Press-Republican

October 4, 2013

Team Burgh offers network, motivation for exercise

By AMY HEGGEN Press-Republican
Press-Republican

---- — PLATTSBURGH — A Team Burgh training session isn’t an average workout at the gym.

Push-ups, pull-ups, a run up Lyon Mountain while carrying sandbags or multiple climbs up Poke-O-Moonshine are just a few of the exercises the team tackles each week.

Team Burgh, founded by Sue Phillips-Leclerc and her husband, John Leclerc, meets for local weekly training sessions and competes in races such as the Tough Mudder and the Spartan Beast. 

The close-knit team offers motivation and a network among participants.

Team member Melanie Faville says that while the team sets goals to work toward, everyone can go at his or her own pace. 

“Every workout is different; we have a recommendation,” she said. “Everyone has different abilities, and we encourage everybody to take part. There’s no pressure to perform.”

Some members come to work out with the team because it’s fun and free, she said. No gym membership is necessary. 

“We’ve had people who have just joined us that said they’ve never felt so motivated to do something like this,” she said. “It’s unbelievable.”

GRASSROOTS TEAM

Exercising together creates a motivational atmosphere that’s inspiring, Faville said.

“There’s something about seeing other people perform that helps you want to perform better,” she said. “It’s just something about training as a group.”

One Team Burgh participant has cystic fibrosis, while another who walks with a cane is a paraplegic. Other members have asthma.

They are always supportive of each other, offering help or support, Faville said.

The training sessions are often family friendly, and members bring their children, who can help out, chat or even join in the fun.

Team Burgh began by word of mouth, when locals who attended similar races decided to get together for workouts. Later, they started a Facebook page, and it grew from there.

The page shares pictures and advice, or even the week’s workout plan for those who can’t make it to the training.
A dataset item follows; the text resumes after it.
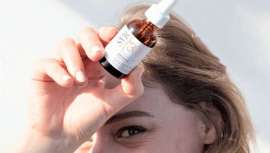 Este sérum anti-UV corrige arrugas y manchas, actuando además contra el estrés oxidativo y la contaminación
“We like to call ourselves a grassroots team. We built this team; we know all the people,” Faville said.

A LOT OF GEAR

Team Burgh has quadrupled membership in the last year, which means the group has enough to sign up as a team at races, which allows the members a discount. Twenty-eight signed up to compete in the Spartan Beast contest held recently in Killington, Vt. 

Running as a team can also have benefits on the course.

“You can partner up with people on your team who run the same pace as you. Everyone on our team has a different pace,” Faville said.

Having a partner is helpful, especially for a hand up an 8- or 10-foot wall.

“Sometimes, no matter how hard you train, you need a boost,” Faville said.

SPONSORS SOUGHT

The group is looking for sponsors, as entry fees can be upward of $200 per person. Gear for running obstacle-course races can also rack up bills.

“There’s a lot of fitted gear involved in doing a lot of these races,” Faville said.

Runners need trail-specific shoes that can survive mud and a variety of intense obstacles.

The Spartan Beast, for example, has only one water station throughout the race, and it takes the average person about seven hours to complete the race. So a hydration pack is necessary and possibly a headlamp. 

“Everybody has their own goals,” Faville said. “Some people have a time goal, and some people just want to finish.”